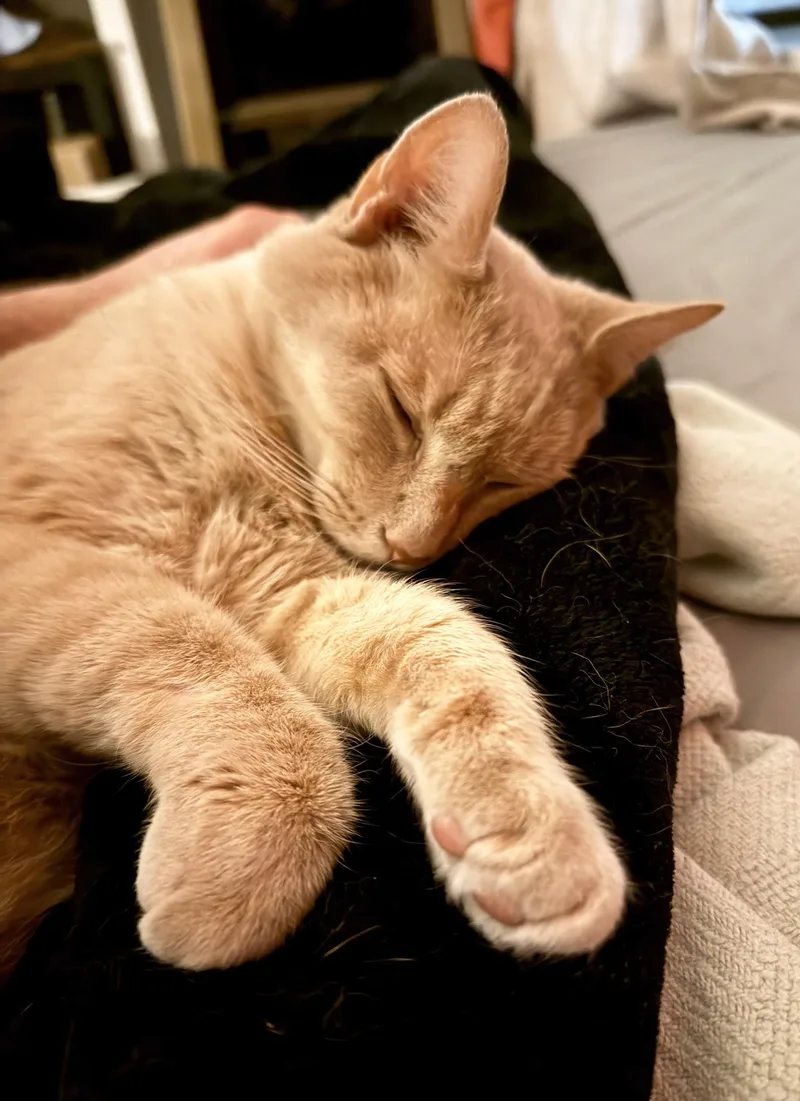 An adult medium-sized male Orange / Red Domestic Short Hair cat named Arthur for adoption in New York, NY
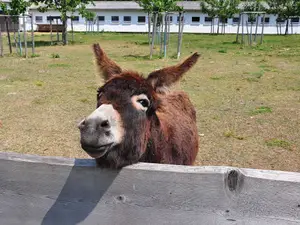 Esel auf dem Hof Esel auf dem Hof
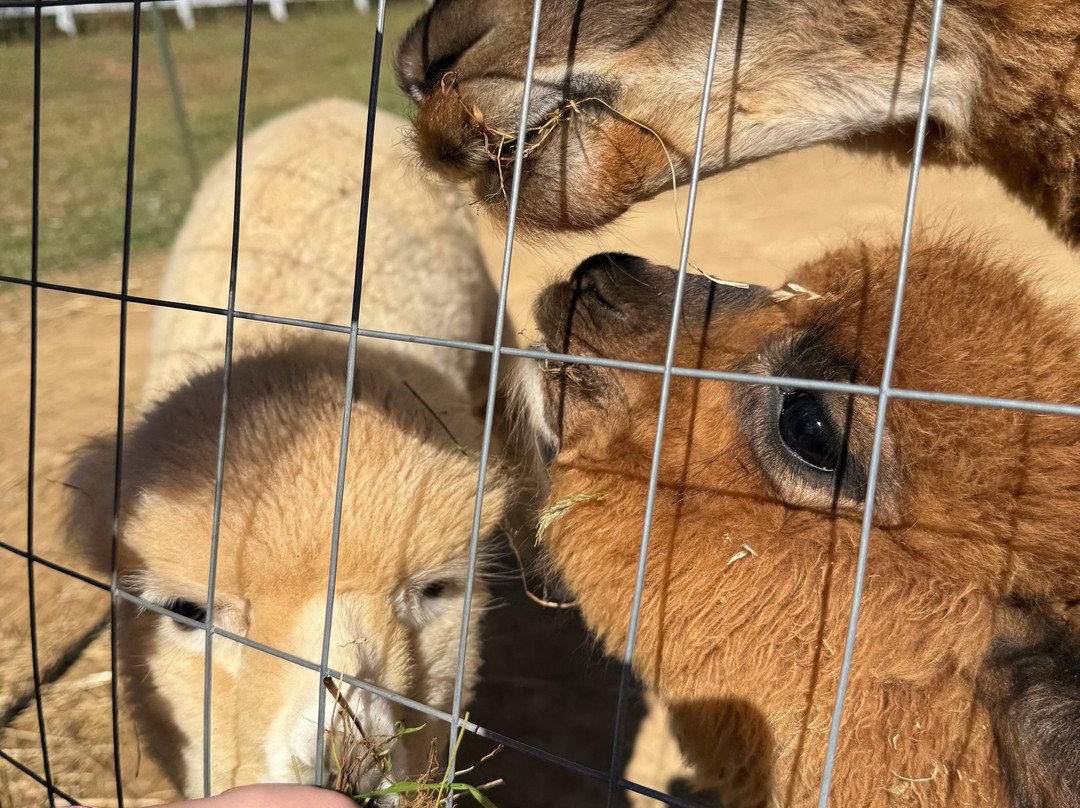 Winchester Creek Farm-韦恩斯维尔必去景点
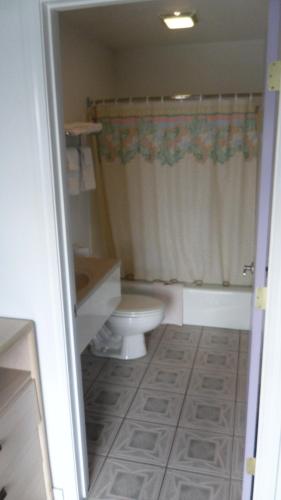 Budget Inn of Lodi - image 6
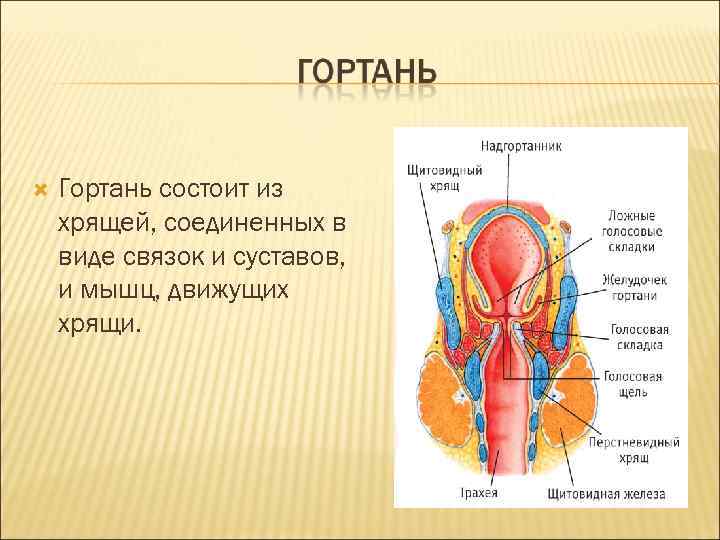  Гортань состоит из хрящей, соединенных в виде связок и суставов, и мышц, движущих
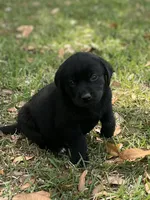 Ivy, a female Labrador Retriever for sale in Florence, SC – Photo 2 of 2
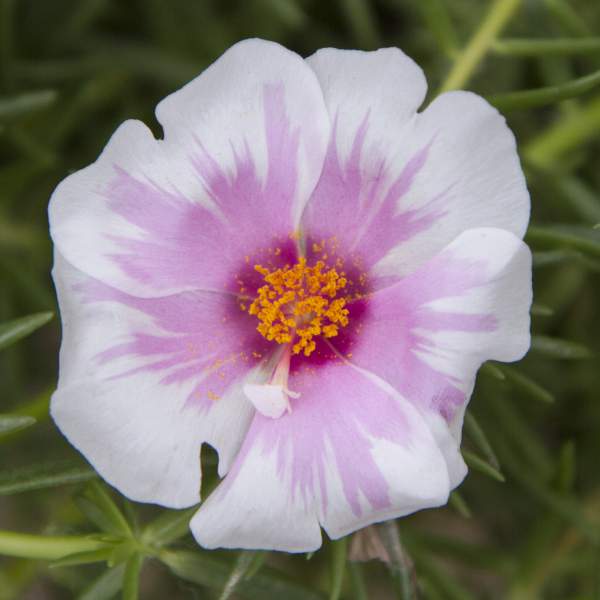 Purslane Samba Pink Bicolor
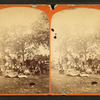View of a group camping.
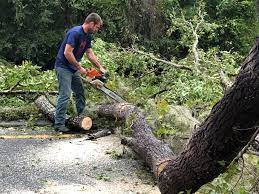 Best Commercial Tree Services  in East Rockaway, NY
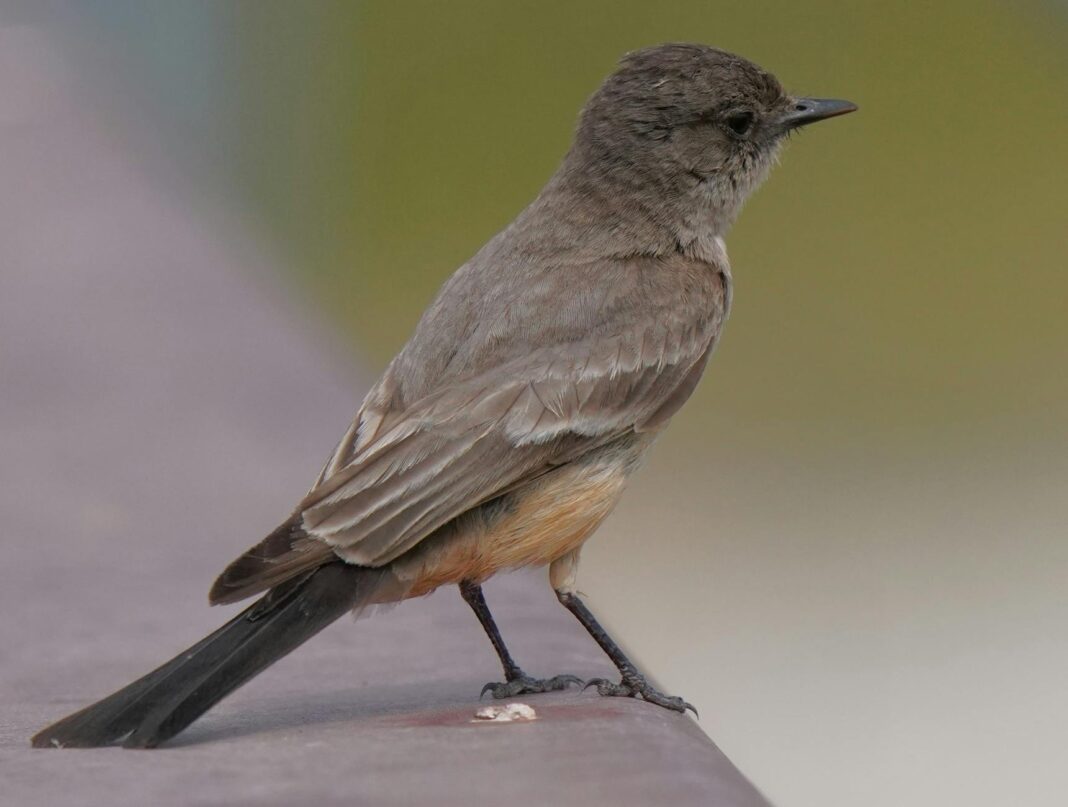 U.S. Threatens TikTok Ban Amidst Tariff and Tech Negotiations with Chi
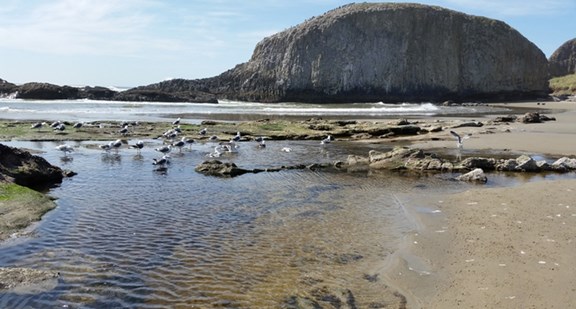 Seal Rock State Park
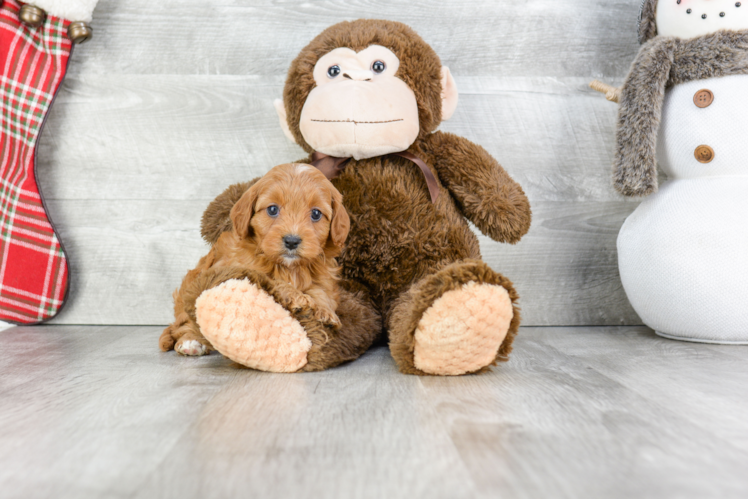 Friendly Cavapoo Baby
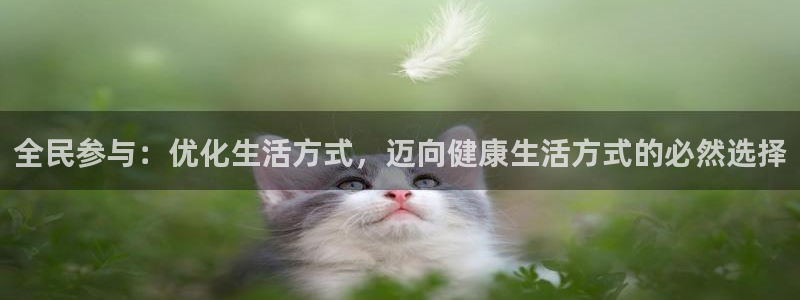 bbin视讯游戏平台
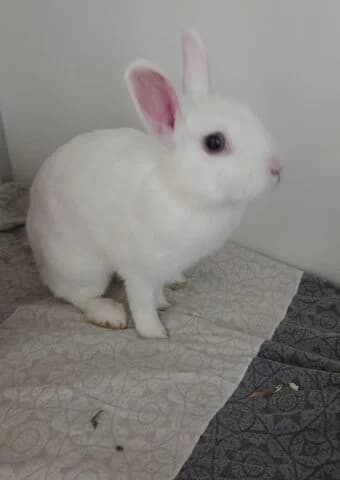 Naga, female mixed breed for adoption at Tierheim Aachen, Aachen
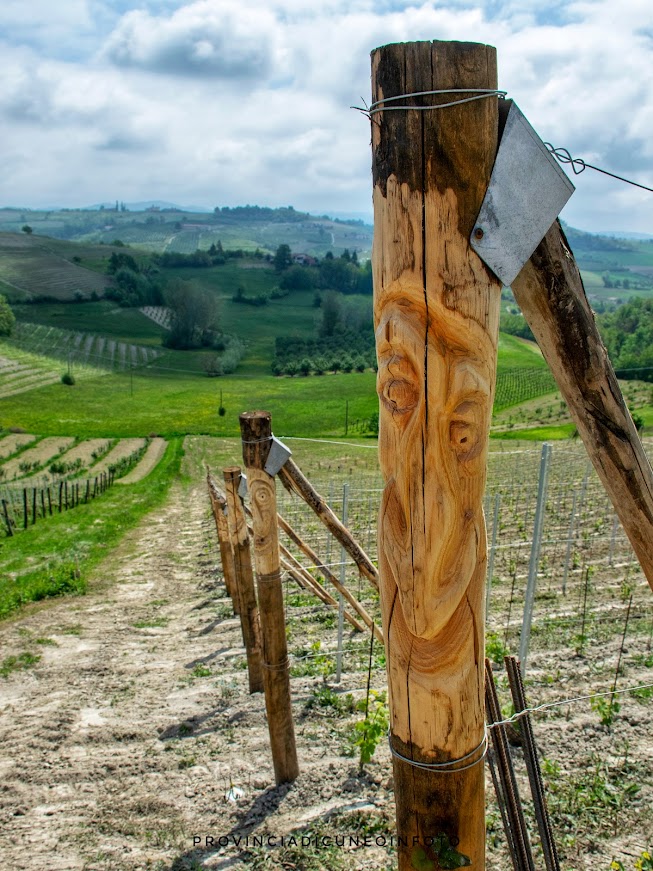 La vigna dij ciuc - La vigna degli ubriachi a Dogliani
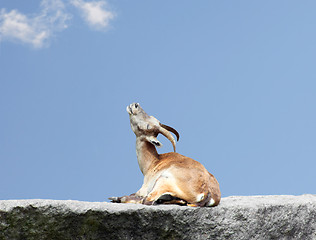 Image showing Ibex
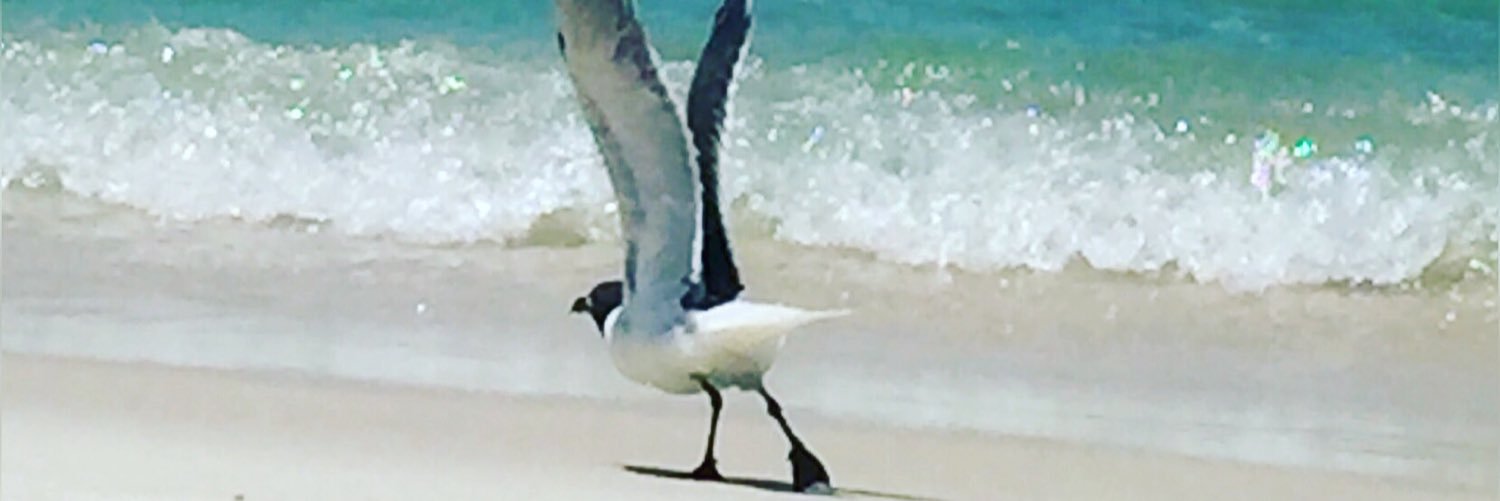 PattiStephens73's profile banner image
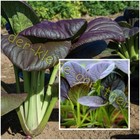 LILA PAK CHOI SCHNELLWACHSENDER BLATTKOHL ZARTES BLATTGEMÜSE CHINAKOHL 100 SAMEN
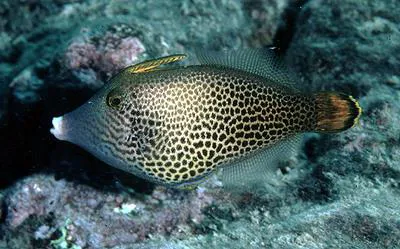 Fantail filefish (Pervagor spilosoma)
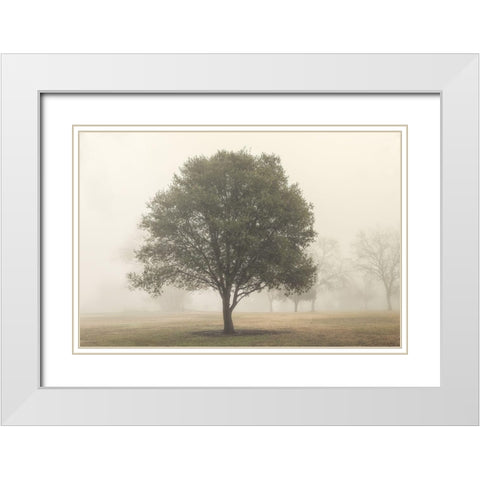 Trees in the Fog I White Modern Wood Framed Art Print with Double Matting by Poinski, Dianne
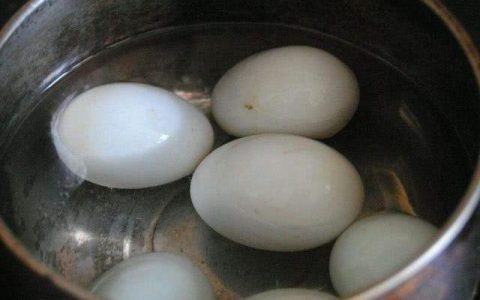鸭蛋煮多少分钟能熟（买回来的鸭蛋要煮多久）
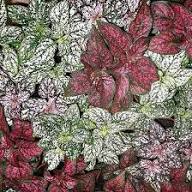 Hypoestes Flower Seeds Mixed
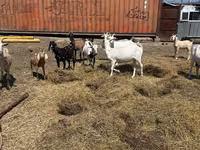 Cabra, Saanen goat — foto 1
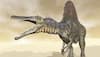 Researchers identify dinosaur species that roosted like modern birds' 70 million years ago
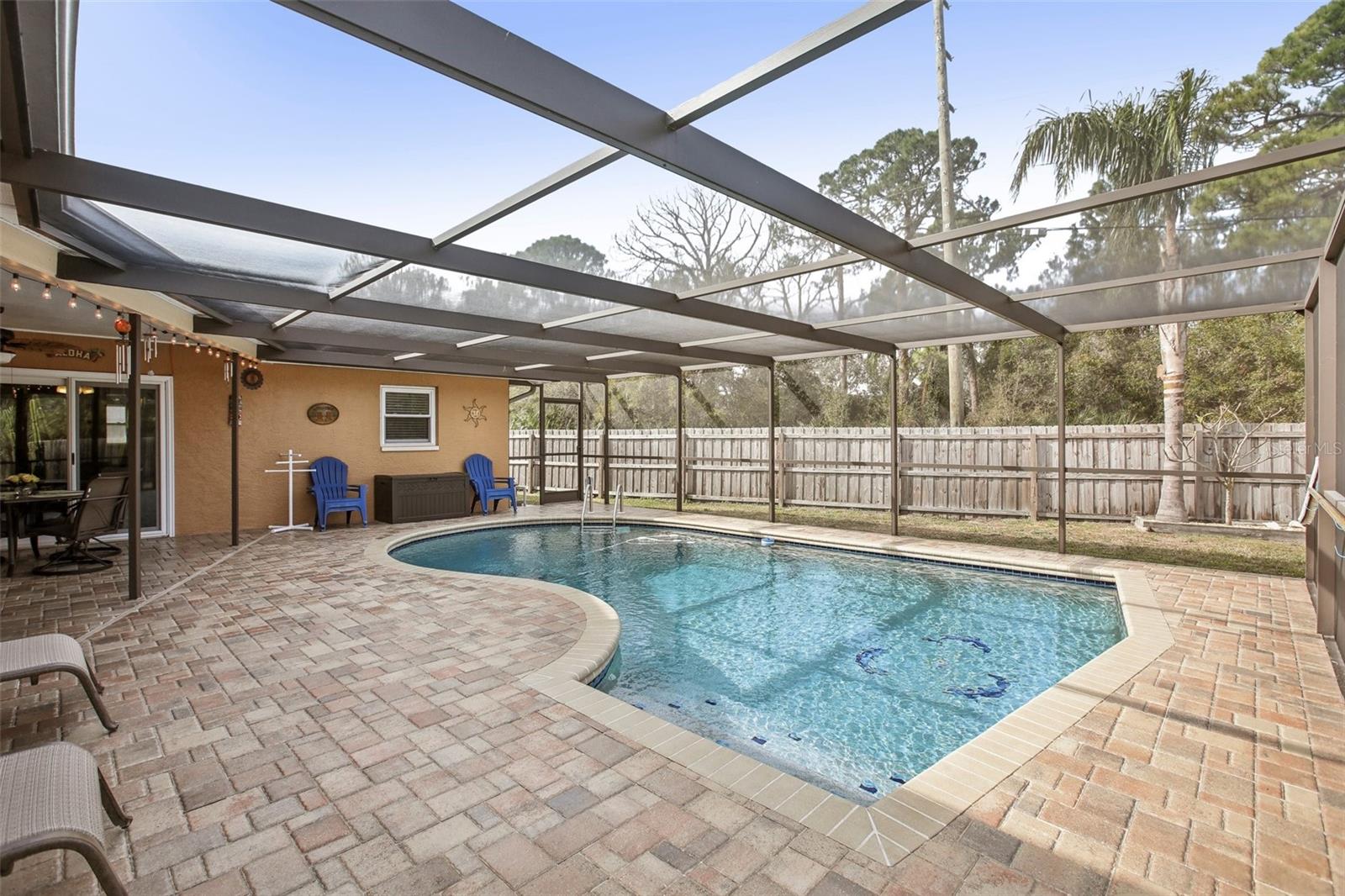 Dolphins on the bottom of your pool!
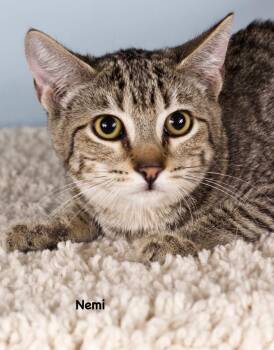 Nemi -  Domestic Short Hair Cat for Adoption in Gilbert, Arizona - Nemi | PetCurious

---

The reply needs to repeat exactly the line containing "Cabra, Saanen goat — foto 1" and each line after it, through the final line of the entries above, and to skip the pictures.

 Cabra, Saanen goat — foto 1
 Researchers identify dinosaur species that roosted like modern birds' 70 million years ago
 Dolphins on the bottom of your pool!
 Nemi -  Domestic Short Hair Cat for Adoption in Gilbert, Arizona - Nemi | PetCurious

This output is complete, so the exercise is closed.